The Mazda MX-5 has been consistently among the highest-selling sports cars on a global scale, but it spoke highly of both MG’s engineering and the British public’s brand loyalty that the MGF was, for a good few years, the UK’s best-selling roadster ahead of the Japanese car.
That engineering ingenuity came in the form of the MG’s mid-engined layout. That meant it could use drivetrain components from a front-drive car to reduce cost (unlike the front-engined, rear-drive MX-5), in this case the Metro.
Rover also developed a larger-capacity K-series engine, and utilised the group’s Hydragas suspension for a smooth ride, while the design was led by Gerry McGovern – now creative overlord for Jaguar Land Rover. That the MGF was launched at Geneva, and not the British motor show, shows just how confident MG was in its new car.
British car brands were clearly filled with confidence at the start of the new millennium, with four significant models making their debuts at the prestigious Geneva show in 2001. Aston Martin revealed its sophisticated new Vanquish, Jaguar had its X-Type to lock horns with the BMW 3-series, and a revitalised MG Rover showed off its 75 with attitude, the ZT.
But most significant of all was the new MINI. Now under BMW ownership and having undergone early development at Rover, the retro look wasn’t to all tastes – and some were still sore over the original disappearing the previous year – but it immediately made every other supermini seem dull. Two decades on it’s still a great car to drive, but also now a modern classic in its own right.
2011 Morgan 3-Wheeler
The reveal of the Aero 8 in 2000 (also at Geneva) was a perfect way of catapulting Morgan into the 21st century, but no car better illustrates the company’s plucky attitude and sense of fun than the 3-Wheeler, which debuted in 2011.

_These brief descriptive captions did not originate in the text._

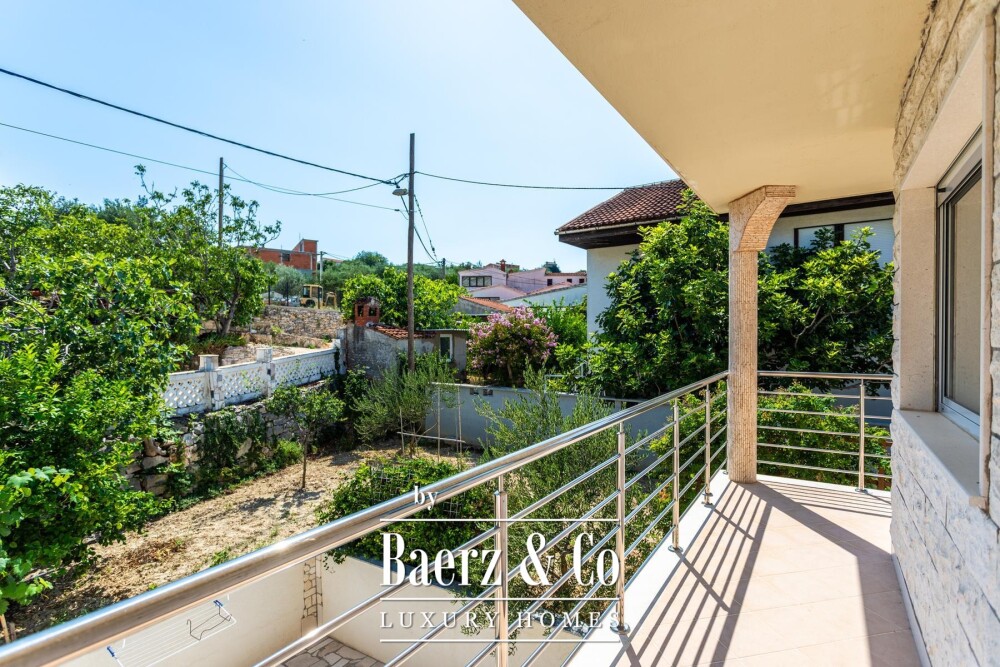 Split, Kamen, a multi-family house with a total gross area of 492 m² image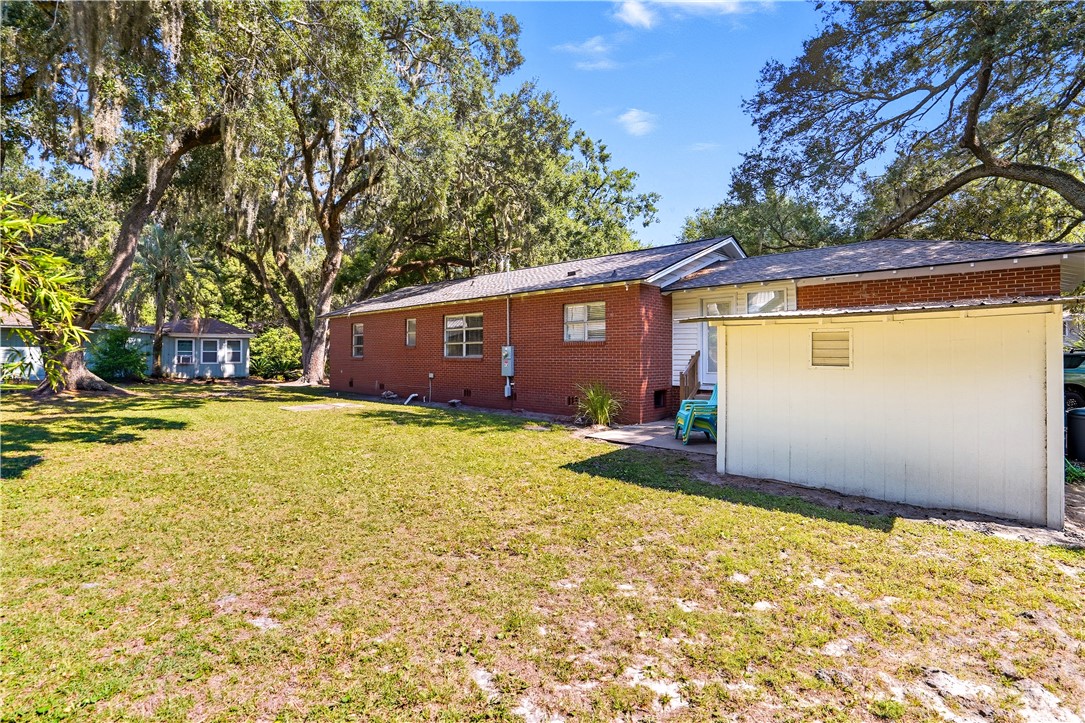 416 Magnolia Avenue St. Simons Island, GA 31522 - Photo 33 of 37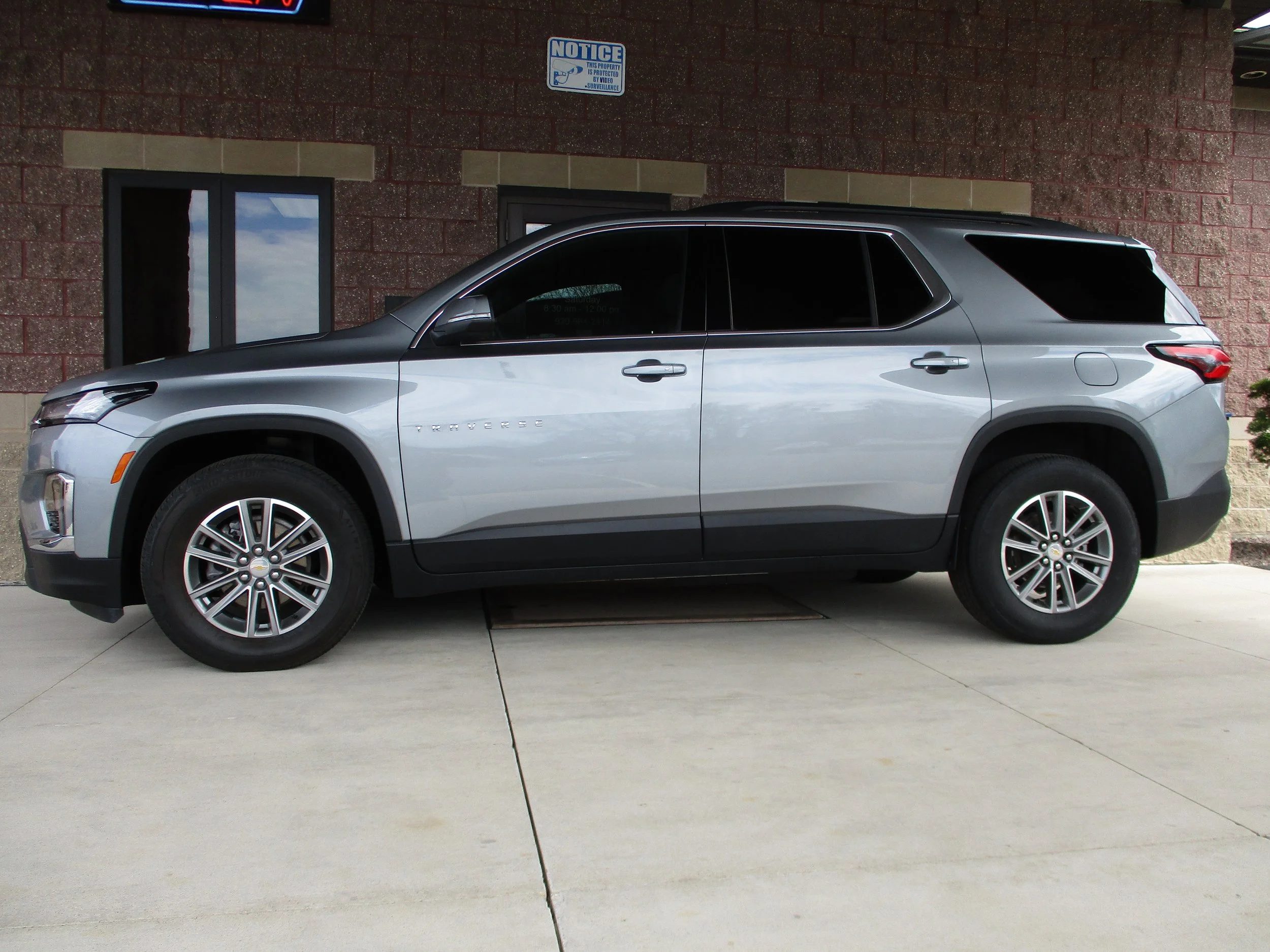 2023 Chevrolet Traverse LT - $36,000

There really is nothing quite like it – well, unless you count the original three-wheeled runabout from the ’30s. Morgan’s sympathetic update of its most distinctive car to date, complete with graphics packages and the usual vast range of personalisation, at once captured the brand’s past and gave hope for its future.
In a curious parallel, Aston Martin launched its Toyota-based Cygnet at the same show. It wasn’t received quite so well, but interestingly, both sold new for around £30k – and a decade later, you’ll still pay similar money for both.
2017 McLaren 720S
McLaren launched its first car since the F1 in 2011. The MP4-12C was an impressive, if not particularly emotive car – and yet just six short years later, the 2017 Geneva show saw the debut of one of the most spectacular modern supercars to emerge from any company.
With headlights like eye sockets the car’s styling wasn’t universally popular, but otherwise the 720S was a true beauty and its 710bhp, 4-litre twin-turbocharged V8 certainly had numbers in its favour.
As it turns out, the 720S was spectacular on the road too – there’s an argument to be made that even the latest Ferraris and Lamborghinis haven’t quite surpassed it in some areas – and more remarkably still, McLaren has advanced even further in the four years since.
2018 Jaguar I-Pace
Jaguar’s reveal of the all-electric I-Pace at the 2018 Geneva motor show has taken on extra significance with the recent news that the brand aims to go fully-electric in the coming years. The I-Pace is no longer just a competitive luxury EV, but the progenitor of Jaguar’s future direction.
Like others on this list though, it’s also a genuinely good car, still taking the occasional group test victory and – in the right specification at least – looking striking in a way few other electric cars have quite managed. It drives like a Jag too, but whether buyers in a few decades will view it as fondly as a classic XJ remains to be answered.